*** Data for review ***

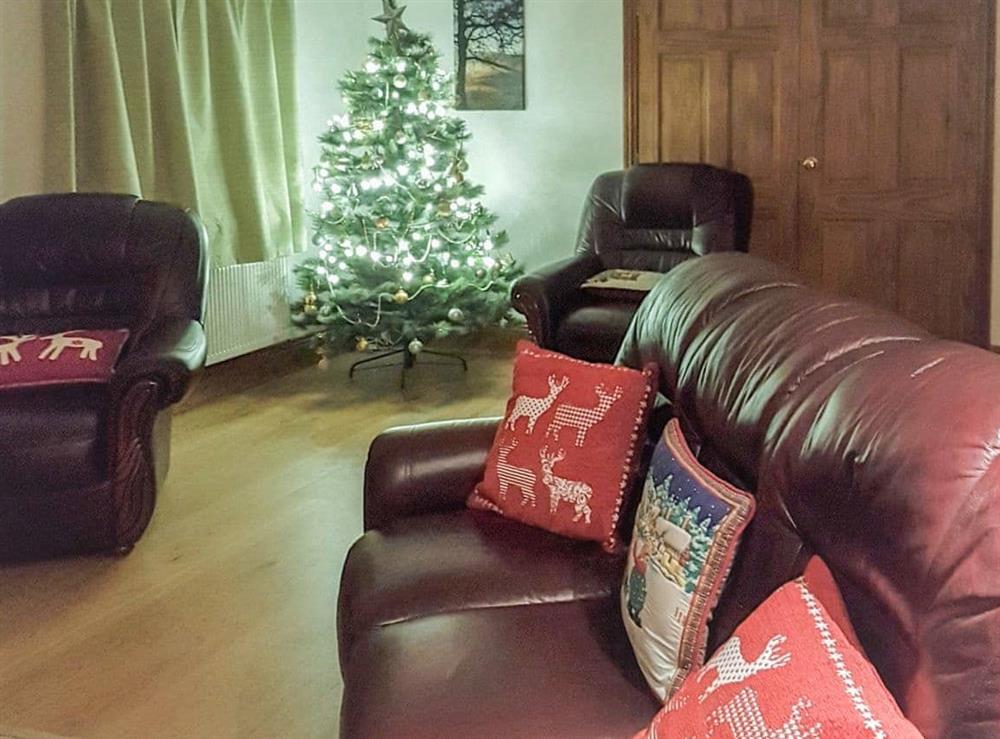 spend winter evenings in the cosy lounge at Hollin Bank Cottage in Salterforth, near Barnoldswick, Lancashire, England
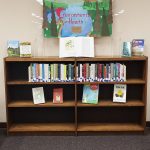 Bookshelf displaying the environmental health exhibit in the UW Health Sciences Library,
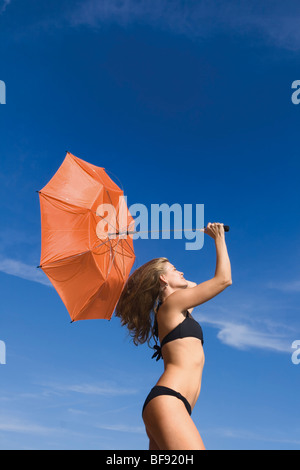 Donna che mantiene all'interno fuori ombrello arancione contro il cielo blu Foto Stock
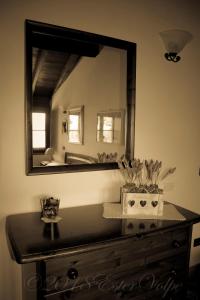 a mirror on top of a dresser in a room at Bed & Breakfast Ca' di Vissai in Arnasco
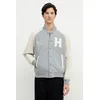 TOMMY HILFIGER Prehodna jakna VARSITY kremna / pegasto siva / bela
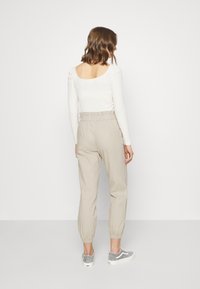 Femme aux cheveux bruns mi-longs portant un haut blanc à manches longues et un pantalon beige taille haute avec des poignets élastiques, debout de dos.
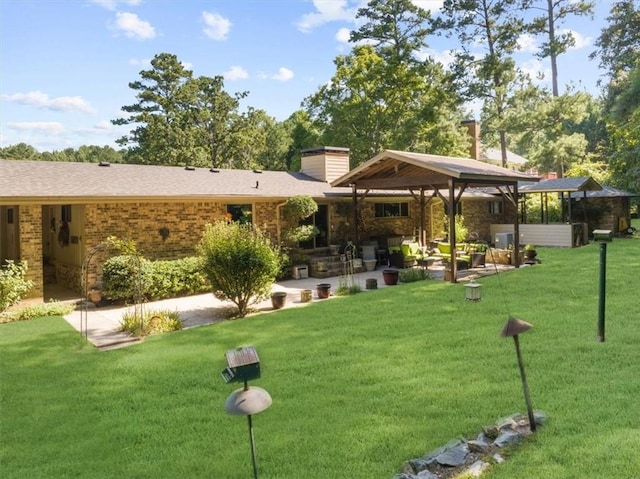 view of property's community with a lawn and a patio area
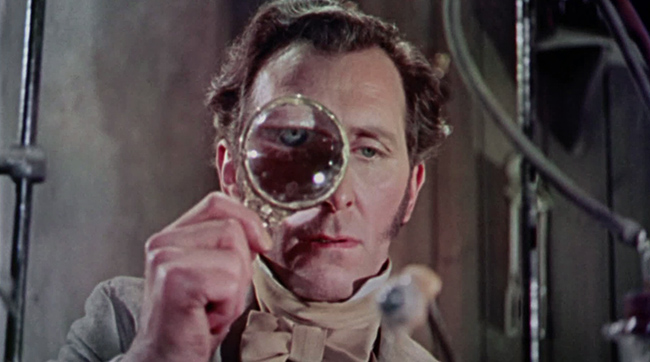 Peter Cushing as Victor Frankenstein gets a good look at some creature parts in Hammer's THE CURSE OF FRANKENSTEIN (1957)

*** End of Data for review ***

- [To do] Final stretch of the data: repeat exactly each line from the one containing "view of property's" through the last, and omit all pictures.

- [Answer to the exercise]
 view of property's community with a lawn and a patio area
 Peter Cushing as Victor Frankenstein gets a good look at some creature parts in Hammer's THE CURSE OF FRANKENSTEIN (1957)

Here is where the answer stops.